What you should do: Make an exact copy of the entries below and leave any picture out of it.

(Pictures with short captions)
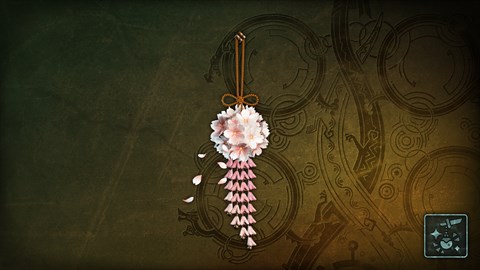 Colgante: Ramillete de Sakura: Blanco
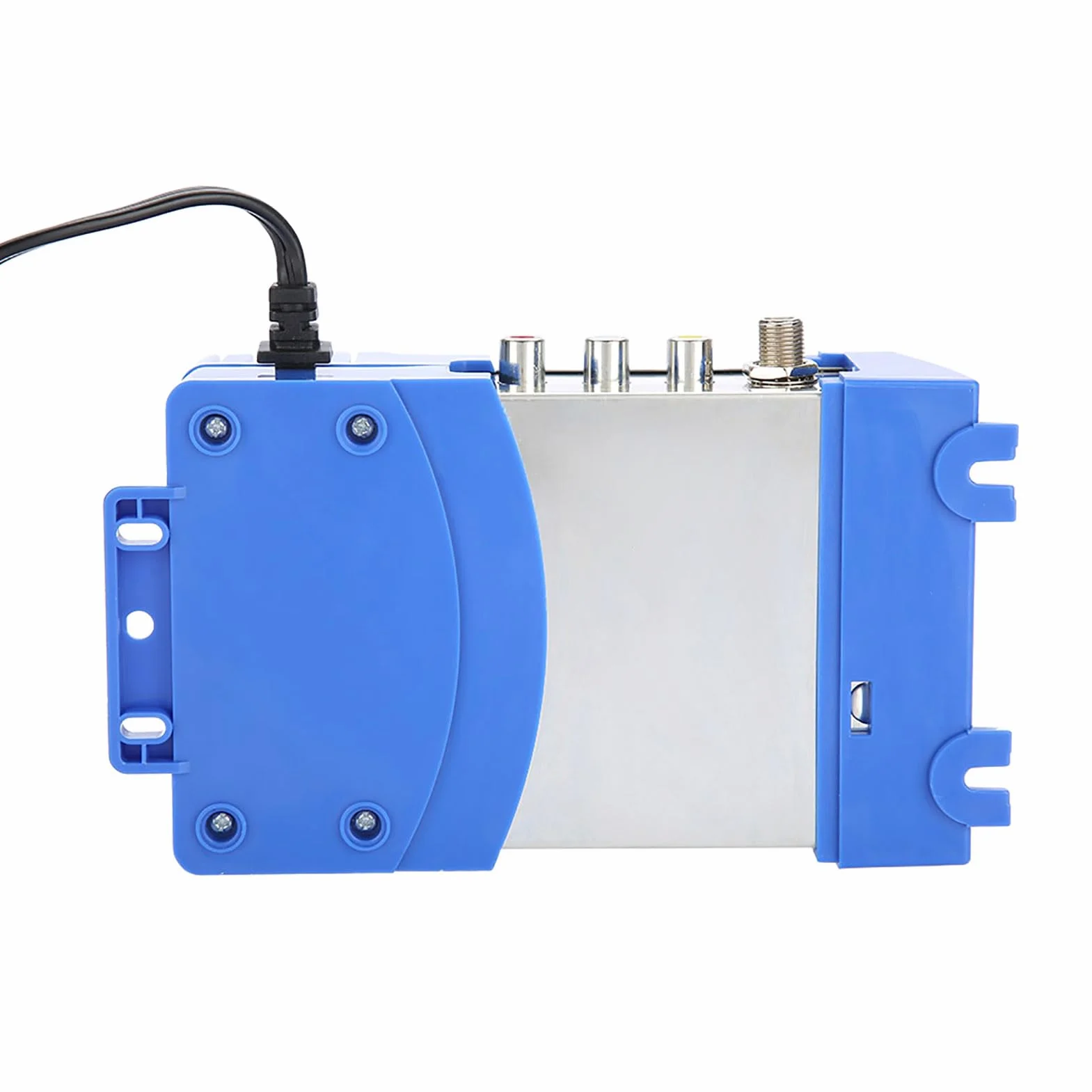 Modulador RF, Modulador M69L para TV Doméstica, Convertidor de Señal AV a RF, Adaptador de Frecuncia Dual VHF y UHF, Conversor con Salidas Ajustables, Compatible con Todos los Sistemas CATV(Plug UE.)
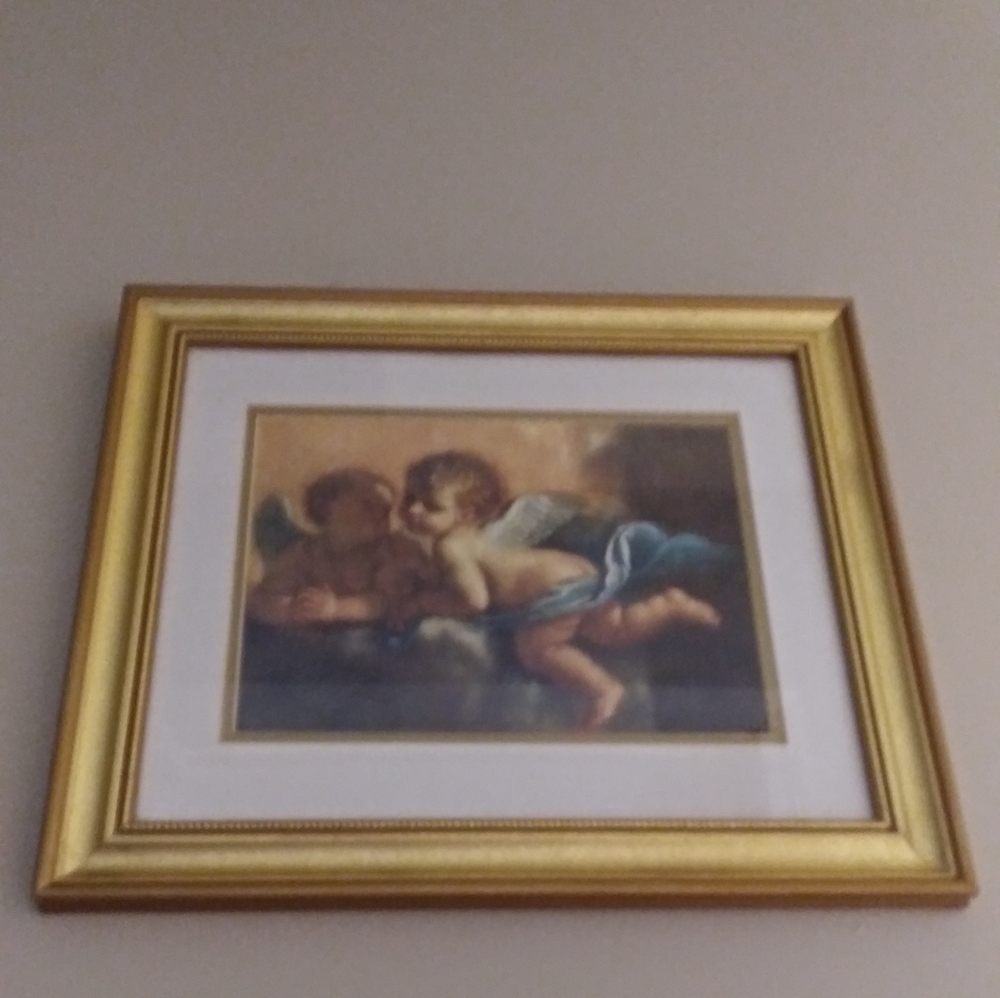 Classic Baby Angels Framed Print - Picture 4 of 4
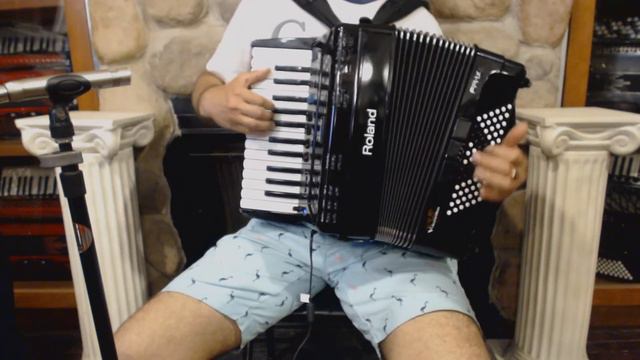 4690 - Black Roland FR-1x Piano Accordion 26 72 $1999 смотреть онлайн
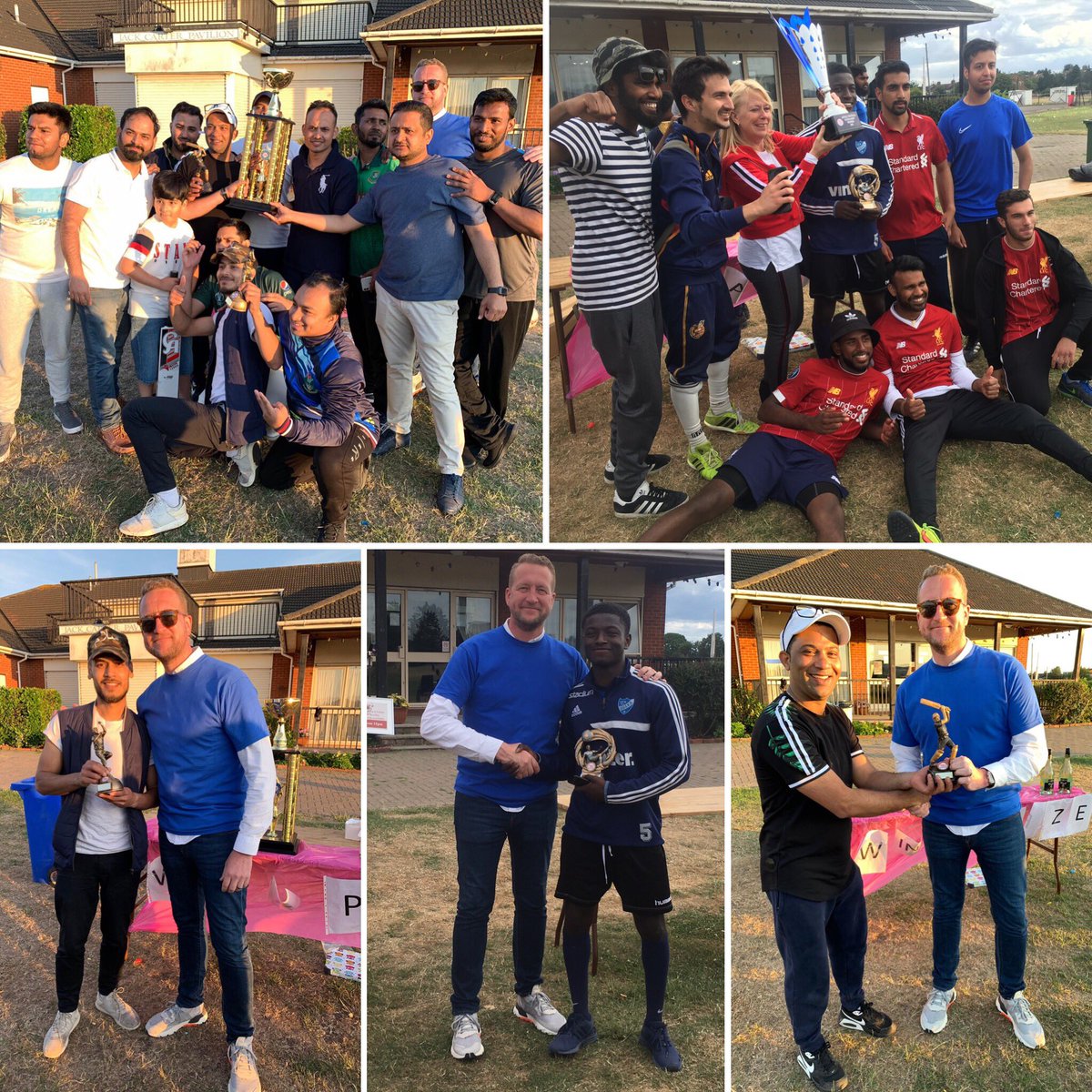 neilbanks1974's tweet photo. What a Weekend of Sport!! Charity Cricket &amp; Football Funday on London Convenience was the cherry on the cake!! 🍰  @CRUK_Policy @TheBHF @DiabetesUK #CricketWorldCupFinal 😉 @martintsmith @nessrogers99 @kevintindall #teamgoals #fundraising  🏏⚽️🏏⚽️ @Tesco_London https://t.co/RLn4wDCWef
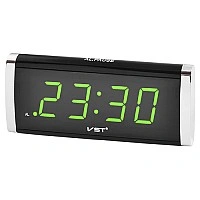 Mains clock VST-730-2 green, 220V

Task answer:
 Colgante: Ramillete de Sakura: Blanco
 Modulador RF, Modulador M69L para TV Doméstica, Convertidor de Señal AV a RF, Adaptador de Frecuncia Dual VHF y UHF, Conversor con Salidas Ajustables, Compatible con Todos los Sistemas CATV(Plug UE.)
 Classic Baby Angels Framed Print - Picture 4 of 4
 4690 - Black Roland FR-1x Piano Accordion 26 72 $1999 смотреть онлайн
 neilbanks1974's tweet photo. What a Weekend of Sport!! Charity Cricket &amp; Football Funday on London Convenience was the cherry on the cake!! 🍰  @CRUK_Policy @TheBHF @DiabetesUK #CricketWorldCupFinal 😉 @martintsmith @nessrogers99 @kevintindall #teamgoals #fundraising  🏏⚽️🏏⚽️ @Tesco_London https://t.co/RLn4wDCWef
 Mains clock VST-730-2 green, 220V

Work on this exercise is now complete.